Up against the first airing of Hush… Hush, Sweet Charlotte is a movie that's not quite TCM Underground material but isn't so well-known is The Crazy World of Julius Vrooder, part of this week's Underground schedule at 2:30 AM Saturday. Timothy Bottoms plays the titular Vrooder, a Vietnam veteran who's returned home and copes with what he faced in Vietnam and the society he's returned to by acting crazy, which has landed him in a VA hospital with veterans of various wars. There he tries to make their lives better, but he also escapes the facility to an underground bunker he's built, stealing electricity and telephone service which has caught the attention of the utilities. His shrink has a girlfriend Zanni (Barbara Hershey) who is a nurse at the facility and who gets drawn into Vrooder's quirky world. Watch for veteran movie director George Marshall as one of the patients. Curiously, the movie was produced by Hugh Hefner.

 

I've mentioned a lot of Audie Murphy's westerns which have been airing over on StarzEncore Westerns, but this time I'll mention him in a straight-up drama: The Quiet American, at 4:30 AM Sunday on TCM. Murphy plays the titular unnamed American, but the story starts with a British acquaintance of his, Fowler (Michael Redgrave), being brought to the police in French-controlled Vietnam a few years before Dien Bien Phu for questioning. Apparently a dead body has been found in the river that's likely the American, and what does Fowler know about it?
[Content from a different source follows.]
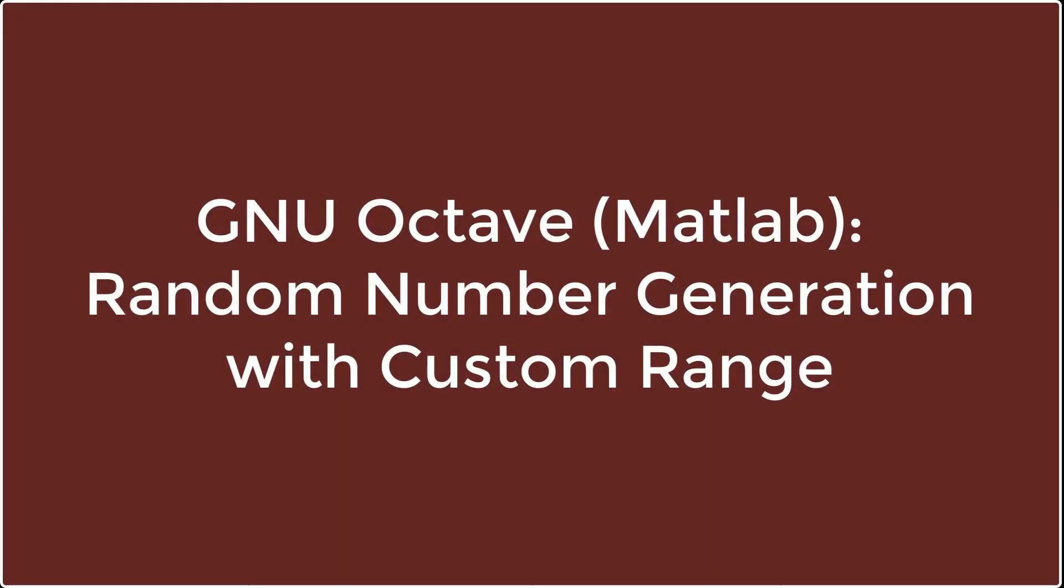In this video, I will show you how to generate random numbers with custom range in Octave.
Flash back to the American's arrival; he's an idealistic young man who wants to help the Vietnamese people and meets and falls in love with a young Vietnamese woman Phuong (Giorgia Moll). Fowler has been in country long enough to know that what the American is doing isn't going to work, and has had a relationship with Phuong himself. The American's ideas won't work, unless he's got somebody backing him…. The movie is not without its flaws, but Murphy shows he was a more than capable actor.

 

For those of you who like more recent movies, we've got one this week that isn't even 25 years old: Sling Blade, on Cinemax at noon Sunday (and three hours later if you only have the west coast feed). Billy Bob Thornton plays Karl, a mildly retarded man who, as a pre-teen killed his mother and her lover, and spent decades in a mental hospital for it. The authorities have declared him cured, and release him back into society in his small home town in rural Arkansas. There, he gets a job fixing motors, something he's good at. He makes the acquaintance of a fatherless boy, Frank (Lucas Black), who lives with his mom Linda (Natalie Canerday) and her violent boyfriend Doyle (Dwight Yoakam). Karl becomes friends with Linda, and Linda's boss at the grocery store, the homosexual Vaughan (John Ritter). Doyle is mean to all of them, but especially the two “abnormals” Karl and Vaughan. How is Karl going to be able to survive in a world he barely understands? Thornton wrote and directed, and gives an excellent performance in a cast full of fine performances.